[Data extracts — start]

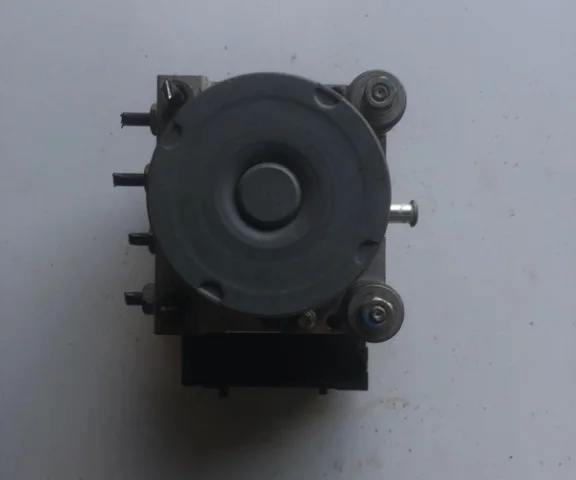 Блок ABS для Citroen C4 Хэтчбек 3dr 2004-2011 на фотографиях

[Data extracts — finish]
[Data extracts — start]

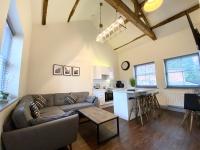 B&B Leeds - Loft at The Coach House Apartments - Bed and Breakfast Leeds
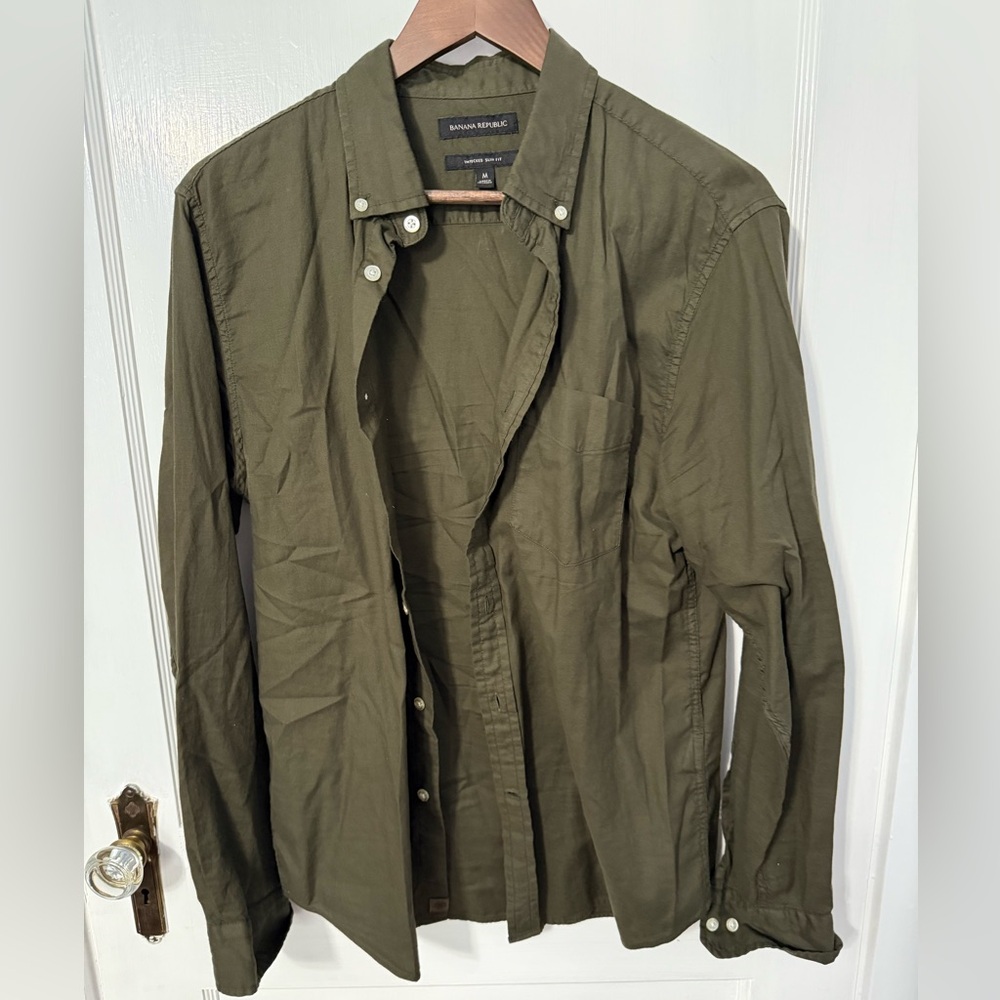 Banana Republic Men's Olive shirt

[Data extracts — finish]

Of the lines above, copy only those from the one holding "B&B Leeds - Loft" to the one holding "Banana Republic Men's Olive shirt", both included, and exclude every image.

 B&B Leeds - Loft at The Coach House Apartments - Bed and Breakfast Leeds
 Banana Republic Men's Olive shirt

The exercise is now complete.